Source material:
◇ ◇ ◇ ◇ ◇ ◇ ◇
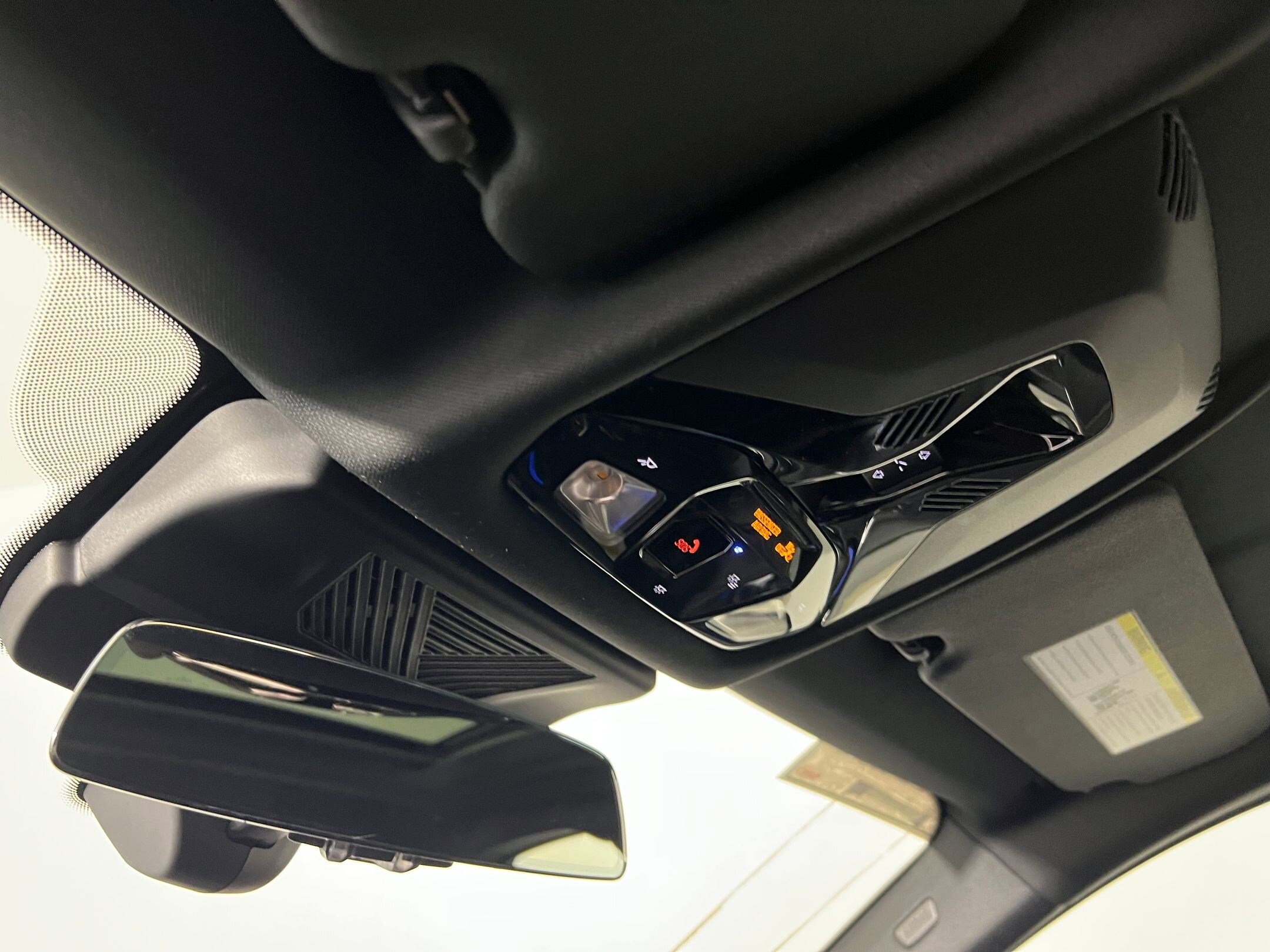 2025 BMW 2 Series 228 - Photo 18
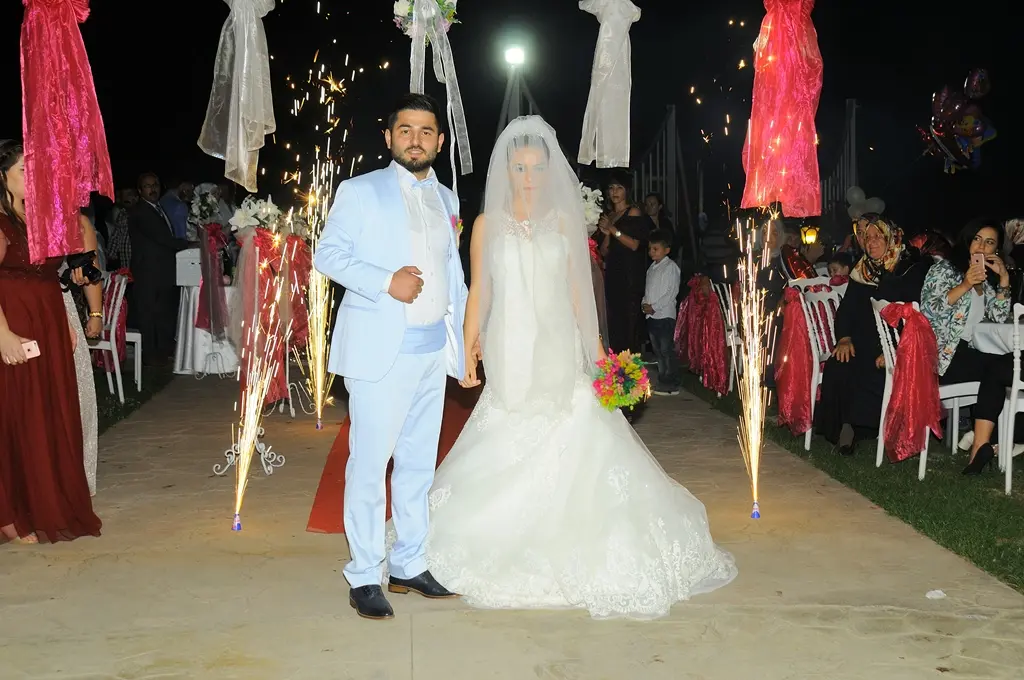 Haber: Tuğba ve Hüseyin Bir Ömür Mutluluğa Yelken Açtılar - Galeri-1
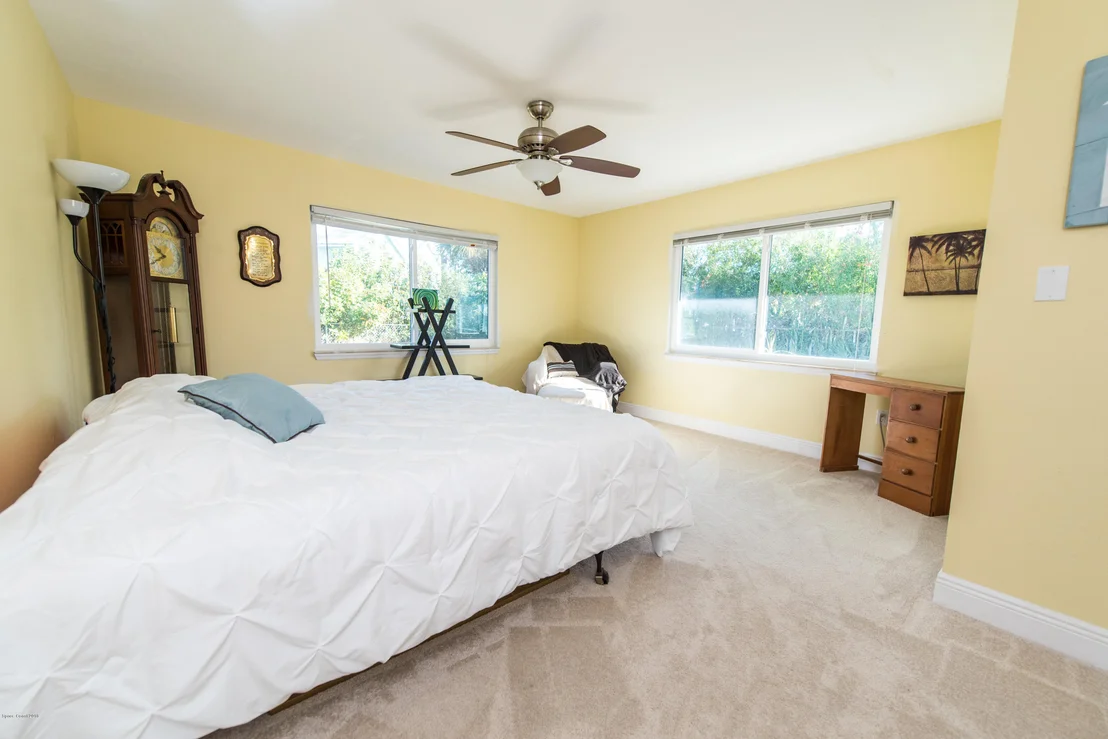 Photo of 32 Riverview Lane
◇ ◇ ◇ ◇ ◇ ◇ ◇
Problem statement:
Could the lines from the one with "Haber: Tuğba ve" through the last line of the material above be written out exactly, both included, with pictures left out?

Task result:
 Haber: Tuğba ve Hüseyin Bir Ömür Mutluluğa Yelken Açtılar - Galeri-1
 Photo of 32 Riverview Lane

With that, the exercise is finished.